The long and winding design road
As Teesside information management company Kraken IM explained to me during research for my forthcoming book, the complexity of different systems across project contractors is matched only by the complexity of the tasks they are recording. A multi-billion-dollar infrastructure project may involve over a million individual items of equipment, and the data on each piece must include the design intent, its function, materials, and operational information such as maintenance manuals. The original design intent may be, as in the case of Grenfell and hundreds of other buildings around the country, to refurbish and improve the visual impact of the exterior. There will be engineering requirements, standards and local regulatory constraints which impact on the specification against which suppliers will be asked to tender. A supplier may propose a slightly different material which in their experience will be more effective in the setting. Even before cladding is fitted, changes are likely to have been made against the design intent. It is vital to accurately record the individual stages of approval, so that at sign-off and commissioning it is quite clear to the operator what has been supplied. In addition to this, the 2018 Independent Review of Building Regulations and Fire Safety led by Dame Judith Hackitt (the Hackitt Report) called for digital by default product specifications and persistent identity for components. Here is an industry where the specific properties of blockchain may have far reaching impact.

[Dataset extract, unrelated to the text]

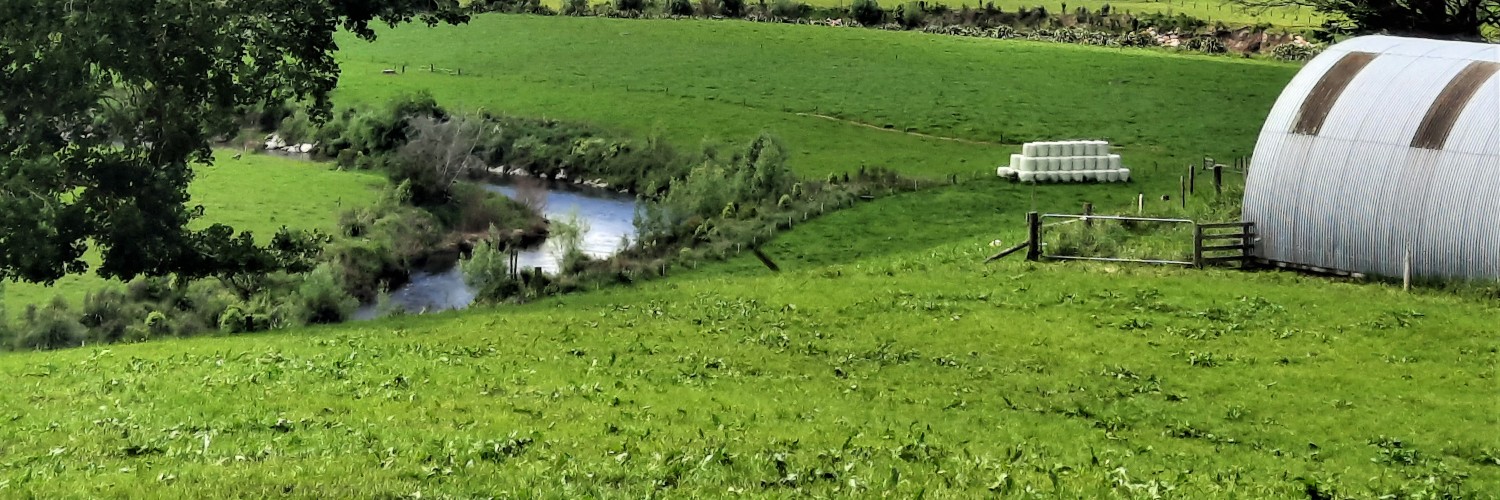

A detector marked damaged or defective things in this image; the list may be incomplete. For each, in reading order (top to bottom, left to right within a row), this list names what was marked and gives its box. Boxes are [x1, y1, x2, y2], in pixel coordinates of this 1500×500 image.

rust stain on metal [1290, 51, 1380, 136]
rust stain on metal [1410, 61, 1494, 148]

Provenance and the blockchain
The problem which Kraken IM has sought to solve is that when inevitable changes happen they impact not only the immediate build and commissioning of a project, but also its operation, maintenance and eventual decommissioning. You cannot rely on memory, or on systems of record which undergo changes through decades. When decommissioning an asset, going back to the original designs is not helpful. Local legend on Teesside speaks of a 36″ pipe on a rig in the Able UK yard whose purpose was unknown, and which therefore could never be safely recycled.

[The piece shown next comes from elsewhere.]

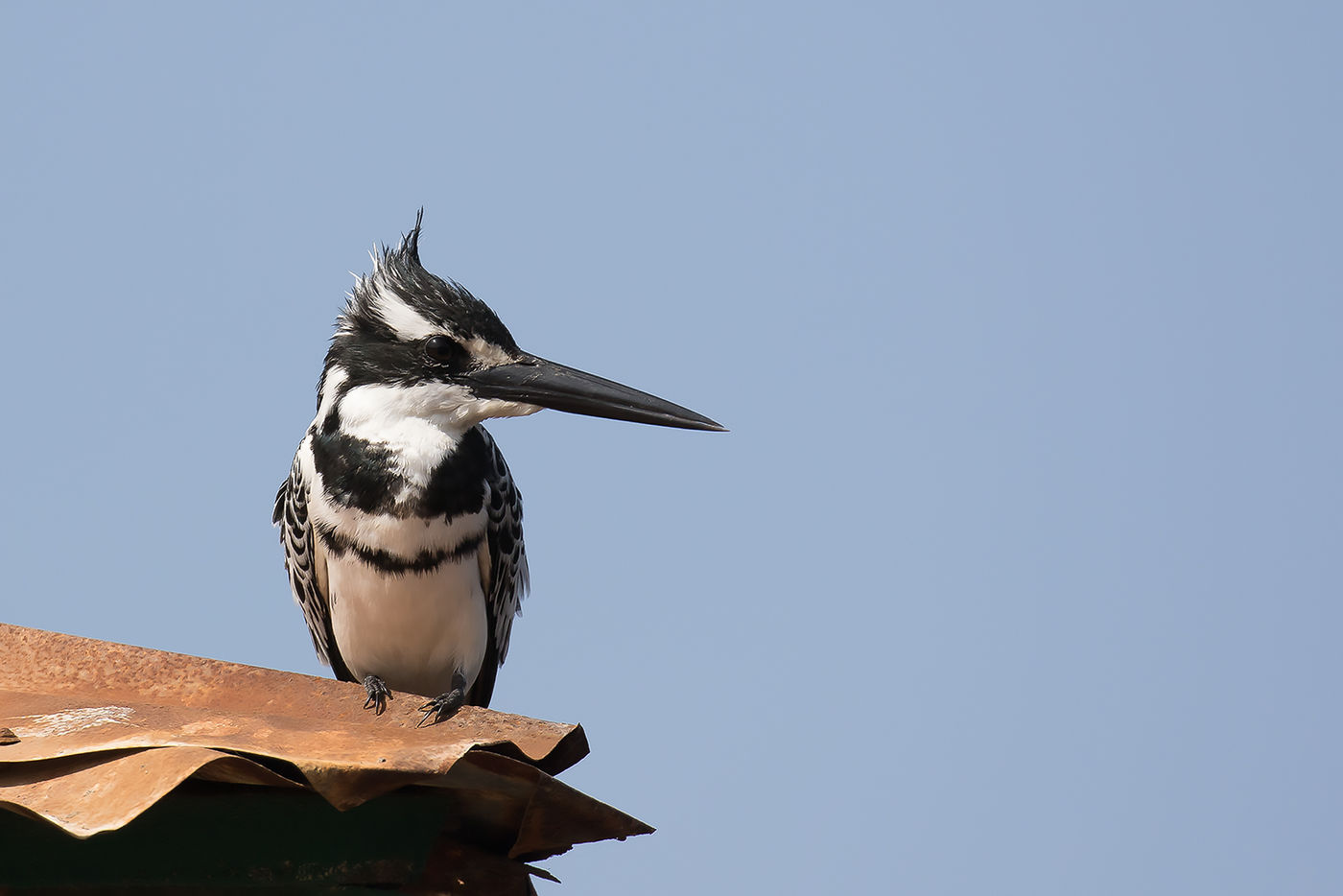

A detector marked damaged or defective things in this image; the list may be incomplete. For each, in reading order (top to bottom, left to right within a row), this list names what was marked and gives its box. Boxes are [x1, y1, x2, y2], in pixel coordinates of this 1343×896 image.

rusty metal roof [0, 620, 649, 870]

Blockchain offered a solution. By recording the detail of each change note and its approval process in an immutable and distributed form, the crucial evidence of a shift from design intent to build can be found quickly and traced to its source on Kraken’s Halcyon platform. It is a simple use of blockchain, but a powerful one, and it has demonstrated a more interesting phenomenon. A blockchain is not a repository of absolute truth, but of transactional truth. The change approvals recorded here have positional integrity, confirming the date and time of a decision, but crucially the fact that the change is both immutable and being “observed” affects the behaviour of the people responsible. Kraken’s clients in the oil and gas industry noticed that the real-world processes around change approval became more rigorous. People knew that they may have to stand by their decisions in any enquiry, and became very careful to do things right.

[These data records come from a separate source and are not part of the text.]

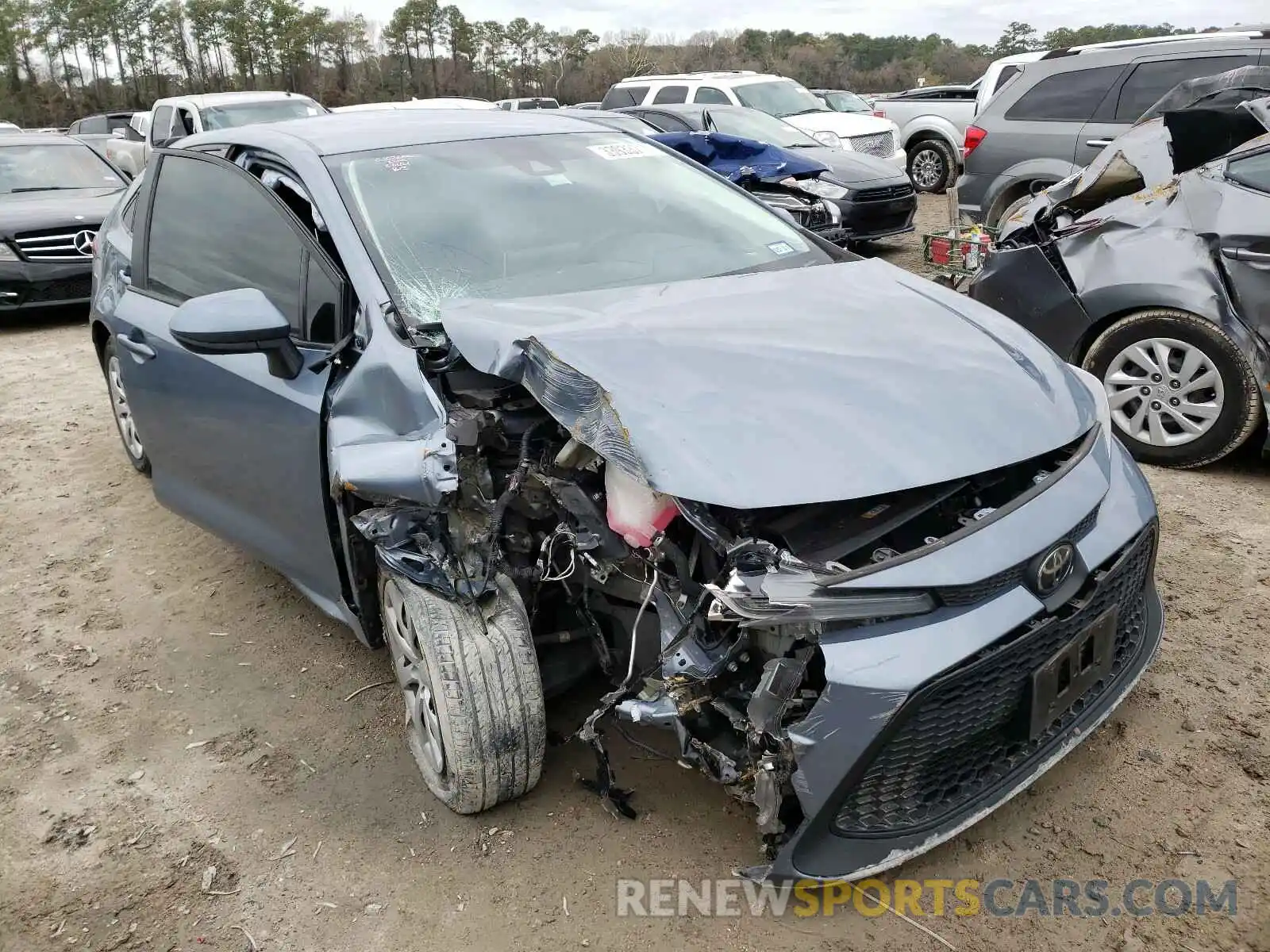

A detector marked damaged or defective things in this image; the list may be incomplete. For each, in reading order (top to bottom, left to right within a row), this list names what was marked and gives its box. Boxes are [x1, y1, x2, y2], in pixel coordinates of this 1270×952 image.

severely damaged toyota corolla [87, 113, 1162, 882]
damaged black vehicle [89, 113, 1162, 882]
bent hood [441, 260, 1099, 511]
crumpled front bumper [756, 428, 1162, 876]
severely damaged toyota corolla [972, 67, 1270, 470]
damaged black vehicle [978, 67, 1270, 470]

The call in the Hackitt Report for better traceability of the parts used in a project represents the other piece of the puzzle. A change to design intent can be recorded immutably and highlight responsibility. Recording in the same way the identity of the actual parts used in construction ensures that what is commissioned matched what it says on the tin. We are seeing strides in the identification of assets across supply chains from food to aerospace, using blockchain constructs such as nonfungible tokens (NFTS) and protocols which record aspects of identity to avoid counterfeiting. There is huge complexity surrounding infrastructure projects, but if persistent identity and traceability of components become law in the UK as expected following the Hackitt report, blockchain is likely to be a significant tool in the solutions that are developed.
The multiple causes of the terrible events which unfolded at Grenfell in 2017 are gradually being teased out by the enquiries which were set in motion, and there is a clear desire to put regulation in place to avert such a tragedy in the future. Blockchain may well play a part in making our world safer.